We would also like to thank USGS geologists Jonathan Matti and Doug Morton who shared their unpublished geologic mapping and acknowledge the years of hard work that they have dedicated to unraveling the complex geologic history of the San Gorgonio Pass region. Our paper also greatly benefited from a thorough review by Jonathan Matti whose written review comments actually exceeded the length of the original manuscript! His comments and edits forced us to extensively revise the paper, which was published 2½ years after its initial submission. Your choice to honor this paper tonight therefore rewards this exhausting effort, and also illustrates that the peer-review process, which often imposes intensive and tedious rewriting, pushes the authors toward greater clarity and excellence."

Kerry Sieh: "Let me first echo Doug’s thanks to Michele and Andrew for nominating our paper, and to the Division’s selection committee for their decision. Let me also thank you, Doug, for doing most of the work to get it published. You are, my friend, one of the best field geologists that Caltech produced in the three decades that I was there. So when you emerged from the earlier-Cenozoic arena of your PhD and expressed an interest in working in a younger, active realm, I figured that the time had come to tackle what our Lamont colleagues had appropriately dubbed the “San Gorgonio knot:” That structurally complex section of the San Andreas fault where it leaves metropolitan southern California and heads out toward Palm Springs and Mexico. Nowhere along its entire 1000-km length is it more complex and nowhere is its seismic potential as mysterious and consequential as there.

Now neither Doug nor I is a seismologist, so one might say that we were guilty of what G.K. Gilbert had long before called “scientific trespass.” If so, we were latter-day trespassers, because by the time we started, earthquake science had metamorphosed into a much broader field than just seismology in the strict sense. Paleoseismology and neotectonics had already evolved successfully through their early decades. Practitioners of the former were digging up seismic times series that extended centuries and millennia into the past, while practitioners of the latter were defining the architecture and kinematic histories of Earth’s active faults. 
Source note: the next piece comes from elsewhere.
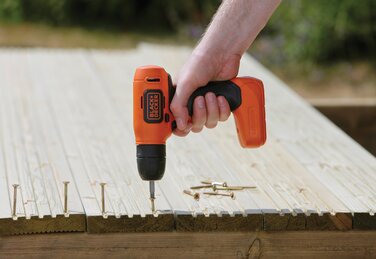 Акумуляторний шурупокрут Black+Decker 7,2 В BDCD8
Clarence Allen had first recognized during his PhD work in the ‘50s that the wide dogleg in the San Andreas fault that transits San Gorgonio Pass is complex. By the mid-90s, paleoseismic work was hinting that sections of the fault to the NW and SE had different big-earthquake histories. So the big question had become this: Could great ruptures propagate right through those structural complexities. If so, the potential size of earthquakes would be much larger than if they could not. Moreover, if ruptures did propagate through the “knot,” would they momentarily stall there: would the stepover be the reason for a short seismic stopover? Defining the structural architecture of the active strands of the fault system through the Pass had to be the first order of business in answering these two questions, because understanding kinematics precedes understanding dynamics.

So to understand the active tectonics, we combined mapping of faulted and folded crystalline and sedimentary rocks with geomorphological mapping of faulted and folded alluvial deposits and surfaces. What a marvelously complex architecture it turned out to be: A menagerie of big and small strike-slip, oblique-slip, normal and thrust faults, some active, others not; deformed old and young alluvial surfaces, landslides. To develop a 3D model of the fault zone extending through the brittle crust, we pulled in background seismicity, what was known about a few moderate historical earthquakes and what we knew about brittle-ductile transitions.

Our hope was that this would be a significant step toward reliable forecasts of the role that this section of the San Andreas will play in generating future great earthquakes. We are gratified that earthquake geologists, geodesists and geophysicists have already embarked upon additional research toward more reliable earthquake forecasts for this ominous historically dormant section of the fault.

We thank the Structural Geology division for the recognition that this award bestows both on our work and on the importance of this largely structural problem."